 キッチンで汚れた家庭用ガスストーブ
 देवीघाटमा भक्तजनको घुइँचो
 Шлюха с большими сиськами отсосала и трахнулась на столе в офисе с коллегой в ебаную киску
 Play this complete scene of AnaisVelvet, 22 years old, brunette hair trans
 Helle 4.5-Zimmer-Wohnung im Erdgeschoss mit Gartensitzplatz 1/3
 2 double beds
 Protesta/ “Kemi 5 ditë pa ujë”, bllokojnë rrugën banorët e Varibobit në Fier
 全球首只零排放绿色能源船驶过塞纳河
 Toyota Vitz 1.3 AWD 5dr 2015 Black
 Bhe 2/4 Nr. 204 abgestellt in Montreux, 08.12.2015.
——————————
What to do ▸
Your output should be an exact copy of every line from the one containing "Play this complete" through the end of the records.

Written reply ▸
 Play this complete scene of AnaisVelvet, 22 years old, brunette hair trans
 Helle 4.5-Zimmer-Wohnung im Erdgeschoss mit Gartensitzplatz 1/3
 2 double beds
 Protesta/ “Kemi 5 ditë pa ujë”, bllokojnë rrugën banorët e Varibobit në Fier
 全球首只零排放绿色能源船驶过塞纳河
 Toyota Vitz 1.3 AWD 5dr 2015 Black
 Bhe 2/4 Nr. 204 abgestellt in Montreux, 08.12.2015.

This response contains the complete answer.